Of course, Barnhart’s salary wasn’t the only cost involved in the transaction. The Tigers sent their second round pick from the 2019 draft to the Reds in the deal. Quintana struggled badly post-draft and then like everyone else, found himself waiting out 2020 for a chance to get back on the field. His 2021 season showed some promise, as he drastically improved his strikeout to walk numbers. However, his pull heavy approach still didn’t generate much hard contact for a good college player at A-ball and now two years removed from college. As a result he hit just .196 despite a pretty reasonable strikeout rate of 21 percent.
Quintana is a good third baseman, so he’s not without some tools. But he really has stalled out offensively and it’s possible a fresh start is the best thing for him as well. The Tigers have a host of interesting, and younger, third base candidates at the A-ball levels and needed the recently turned 24-year-old to look convincingly like a player ready for the jump to Double-A. Quintana couldn’t make that happen. So sending him to the Reds is a way of re-couping some of the initial investment. There’s a cost here, in addition to taking on Barnhart’s salary, but this is highly unlikely to come back and bite the Tigers. Despite his selection high in the second round, Quintana is little more than a lottery ticket right now.

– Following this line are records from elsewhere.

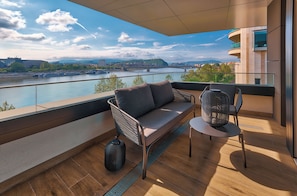 Vista do quarto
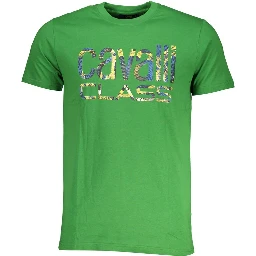 Green Cotton T-Shirt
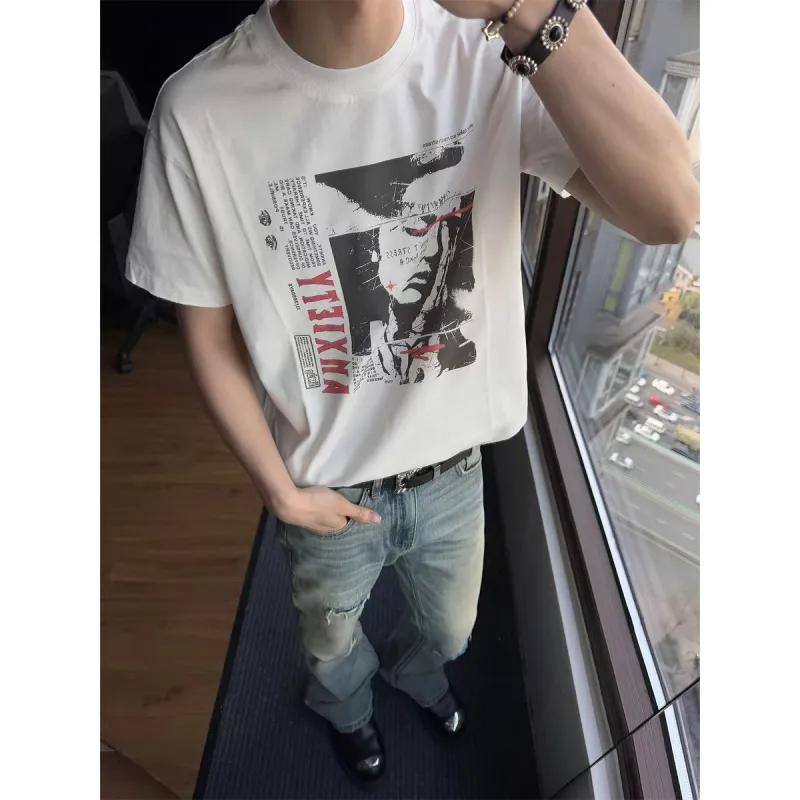 EROLE T Shirt Unisex Negative Space'-1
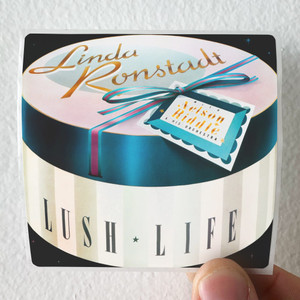 Linda Ronstadt Lush Life Album Cover Sticker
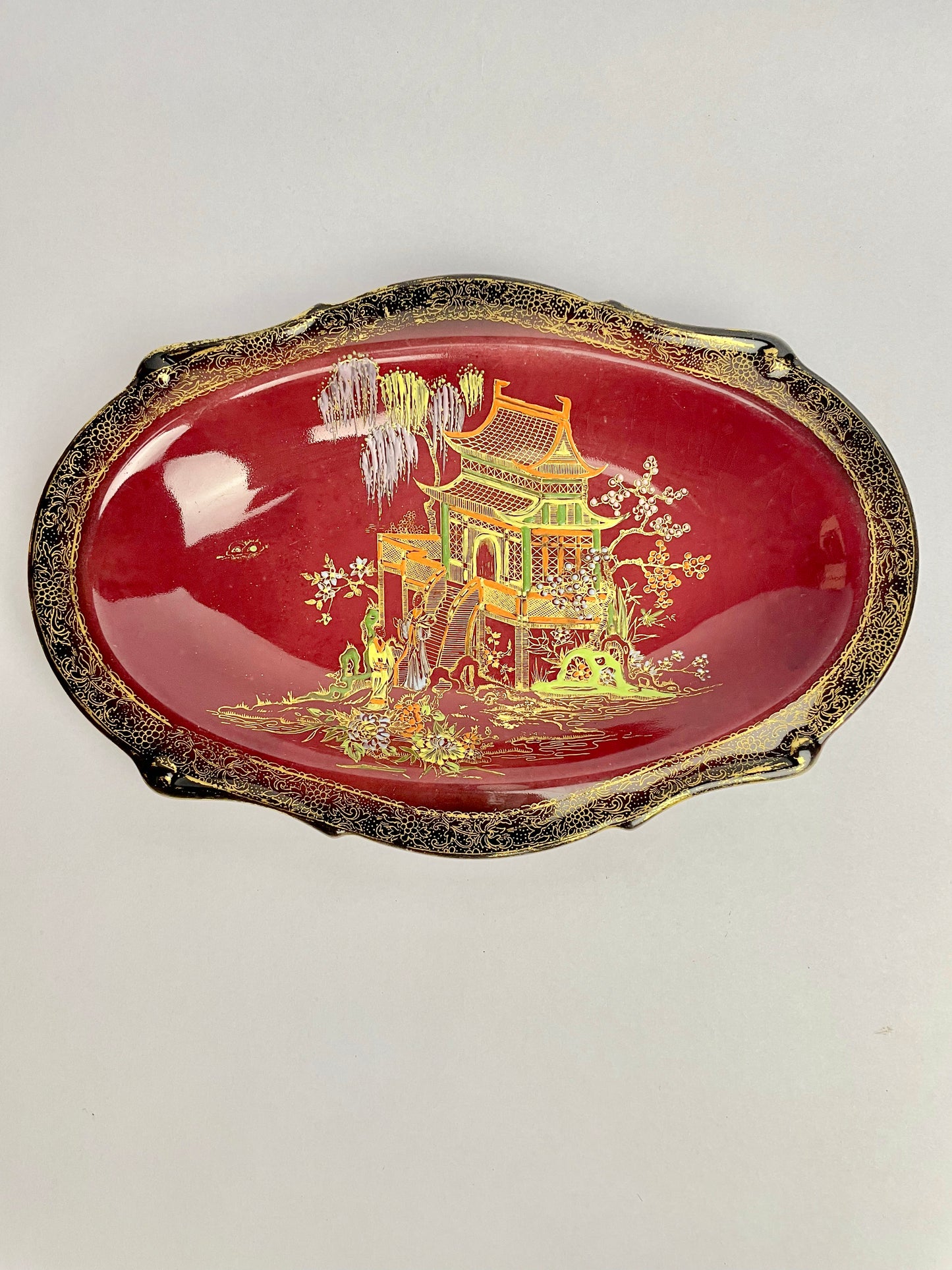 Carlton Ware Rouge Royale Plate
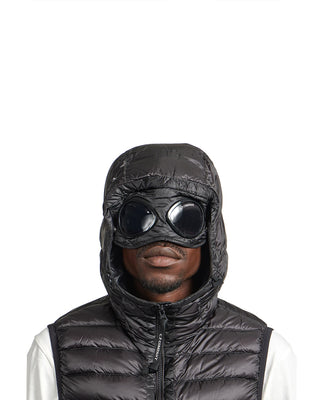 C.P. Company D.D Shell Goggle Down Vest Black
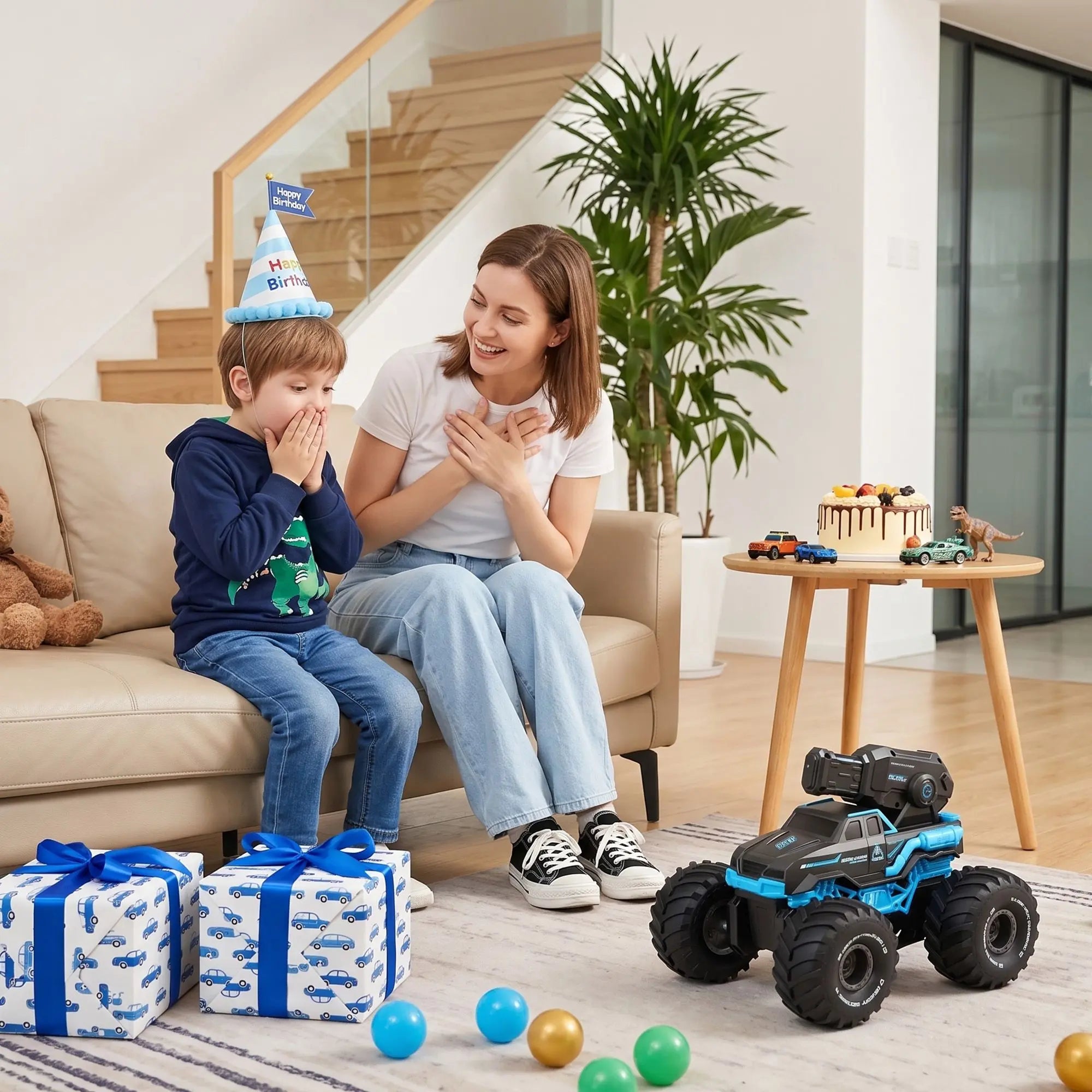 Keezi Kids RC Amphibious Car Boat – The Ultimate Outdoor Adventure Toy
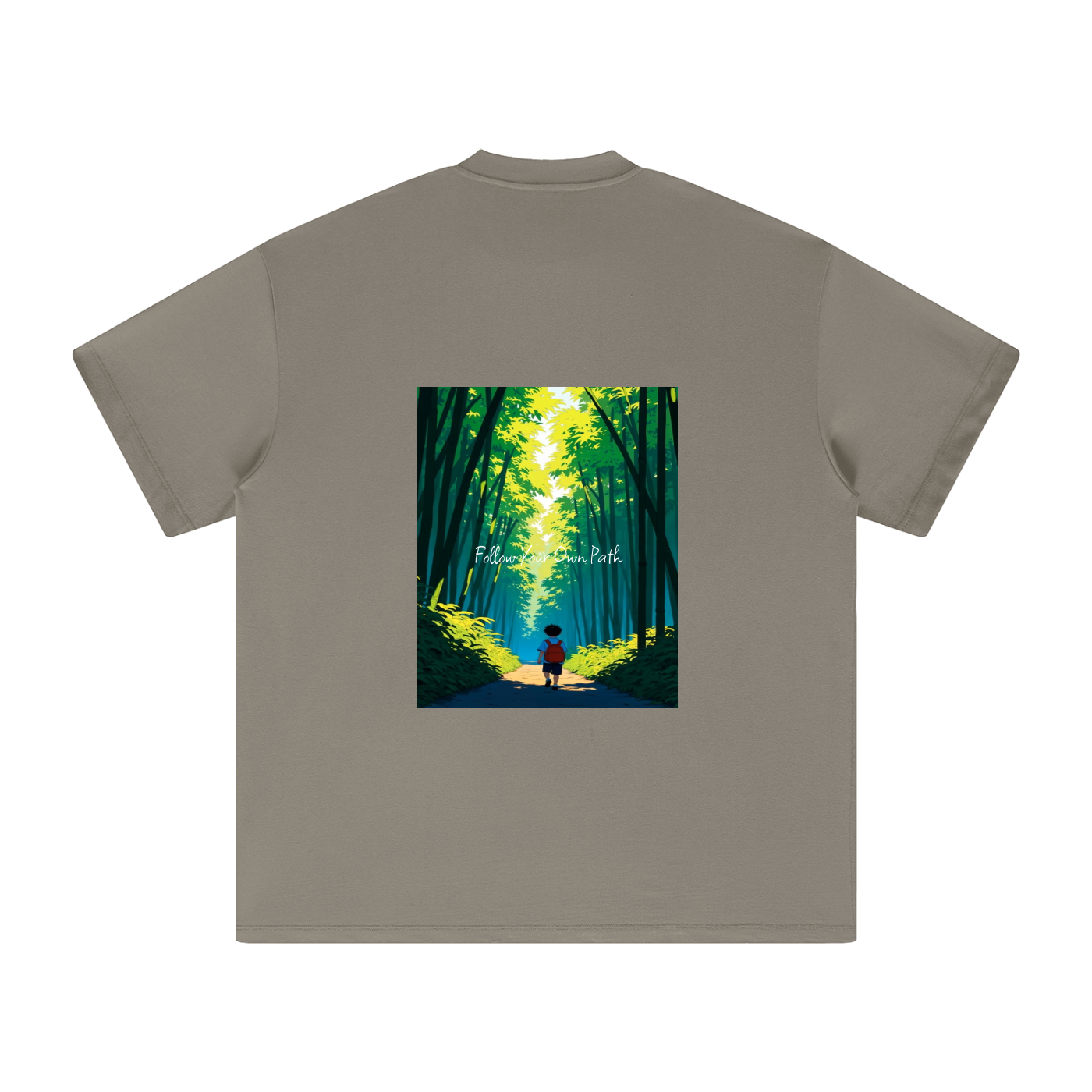 "Path" Heavyweight T-Shirt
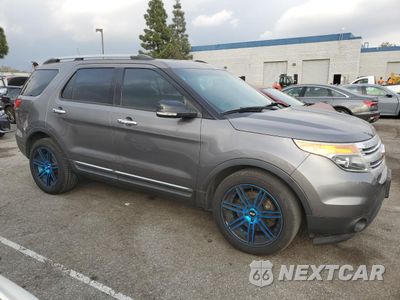 Czwarte zdjęcie samochodu z boku: 2014 FORD EXPLORER XLT VIN:1FM5K7D80EGC36408 - miniatura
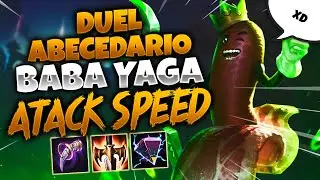 BABA YAGA, SERVING FOOD LIKE CRAZY - Warchi - Smite Master Duel Alphabet Atk Spd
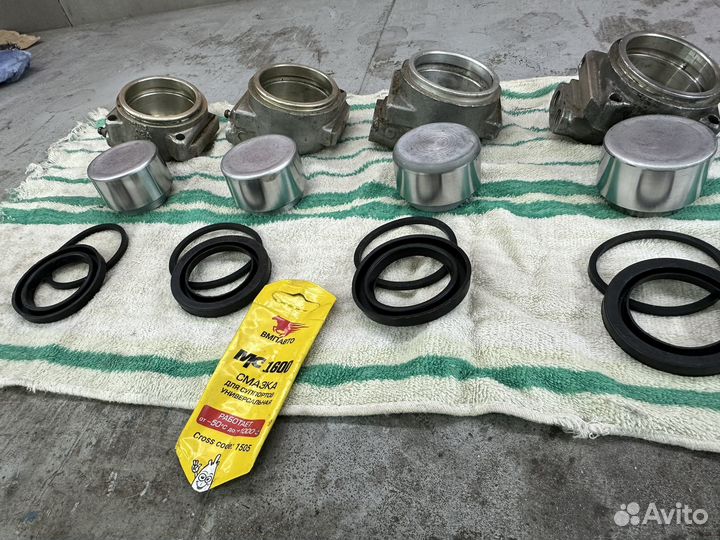 Тормозные цилиндры ваз 2101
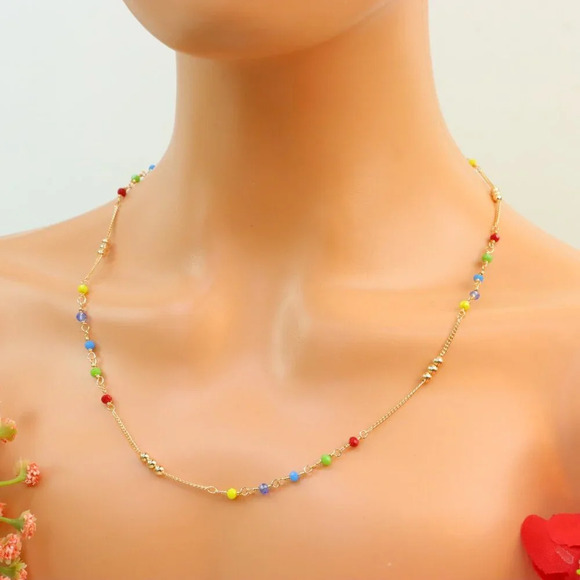 "New Beautiful Design Necklace Chain for Women/Girls, Gift, N592 - Picture 9 of 10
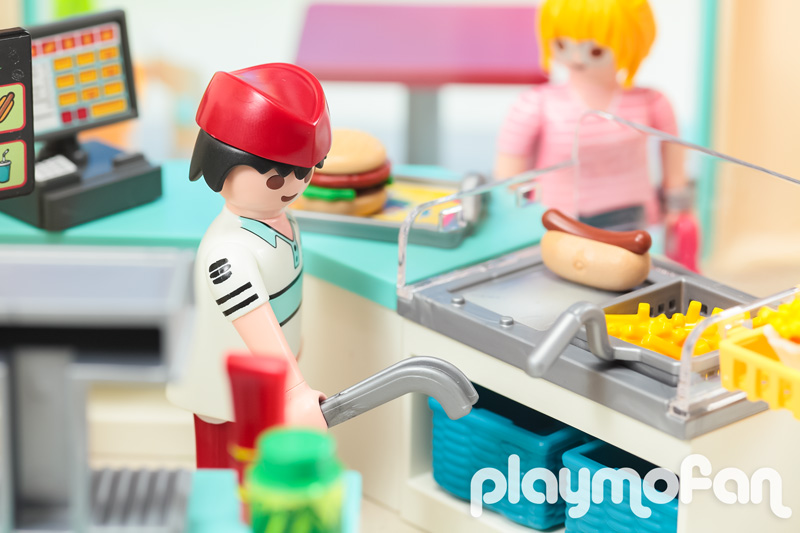 playmobil 70540 My Burger Shop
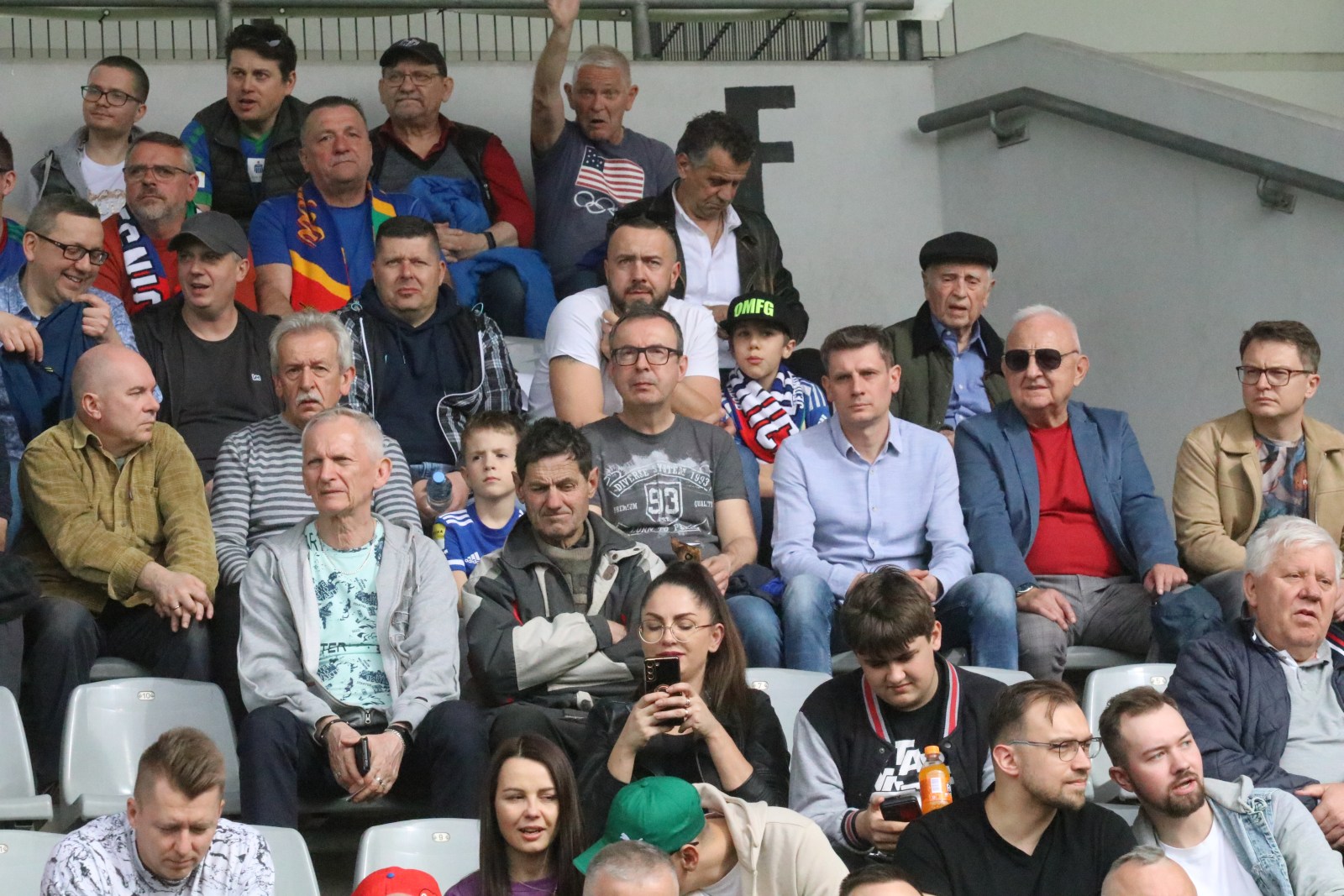 Blisko 4,5 tysiaca widzów oglądało przegrany mecz Miedzi Legnica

A good start to the offseason
While the Tigers have plenty of options available to add pitching and find a good shortstop, the catching market is very thin. Jumping on Barnhart, even overpaying a little to do so, was a move that had to happen to keep the Tigers’ offseason plans intact. That they got it done so quickly is another good sign that the Tigers’ intentions are real and that they have a plan to turn themselves into at least a viable threat to contend in 2022.